As an alternative approach to RMSE analysis, we also conduct final displacement error(FDE) [43] to evaluate and compare our model with existing benchmarks. While FDE may not be as widely recognized or as impactful as RMSE, it is nevertheless sufficiently significant to be considered as a secondary option for model evaluation, as well as useful for visualize the error level compare to others. The Fig. 11 displays the outcome of FDE analysis for a 5-s prediction of a 3-s observed trajectory in terms of both longitudinal and lateral positional error analysis, using the identical experimental conditions as previous; For this circumstance we conduct the FDE analysis only over NGSIM I-80 dataset.

Fig. 11
figure 11

Final displacement error of trajectory prediction

This line graph clearly demonstrates the enhanced performance of our proposed TrajectoFormer system compared to other existing benchmarks.

9 Conclusion

In this paper, we proposed a novel transformer-based trajectory prediction framework by constructing a neighborhood for each target vehicle that considers spatio-temporal dependency between the vehicles. The precise integration of eight-neighbor concepts for each target vehicle is a noteworthy contribution to our research.
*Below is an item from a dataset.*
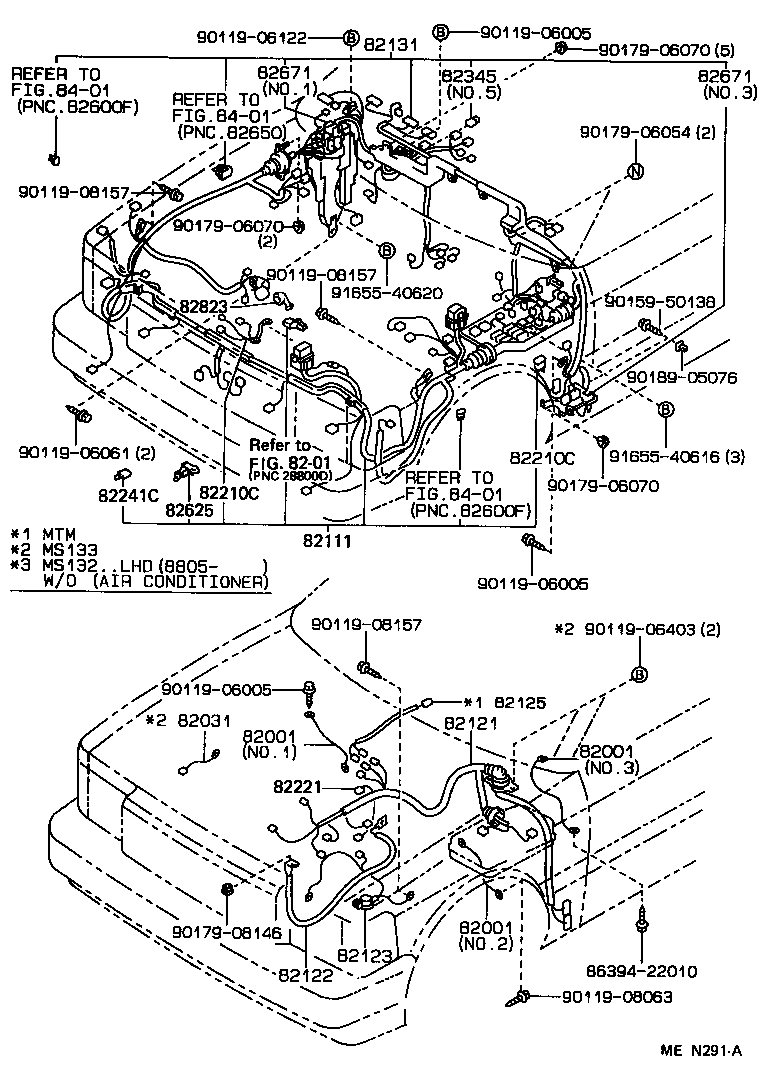  CROWN |  WIRING CLAMP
This neighborhood captures the deep interdependencies that exist between the ego vehicle and its near surroundings and results in a trajectory prediction model that better mimics the dynamics of real-world traffic events. Employing a transformer-based model with positional encoding also enables our model to learn the latent features of the spatio-temporal data, providing better prediction accuracy. The performance evaluation with known state-of-the-art models indicates that neighborhood construction in the preprocessing stage enhanced the prediction accuracy for our proposed model. Our suggested model surpasses most of the benchmarks in terms of RMSE value over a 5-s prediction horizon. It demonstrates our model’s candidacy in the long-term trajectory prediction of autonomous vehicles; with considering neighborhood interactions. Though our model is capable of navigating a collision-less future path for autonomous vehicles, in the future, we want to incorporate a couple of additions to our model. Our future undertakings will focus on creating an advanced collision detection system. Our goal will be to create a reliable system for spotting probable collisions in real time rather than just forecasting collision-less future paths.Different driving circumstances result in a wide range of driving behaviors. Recognizing and adjusting to these actions is an important component of self-driving. Our future work will also focus on expanding the model to account for the multimodality of driving behaviors, providing a more complete picture of on-road events.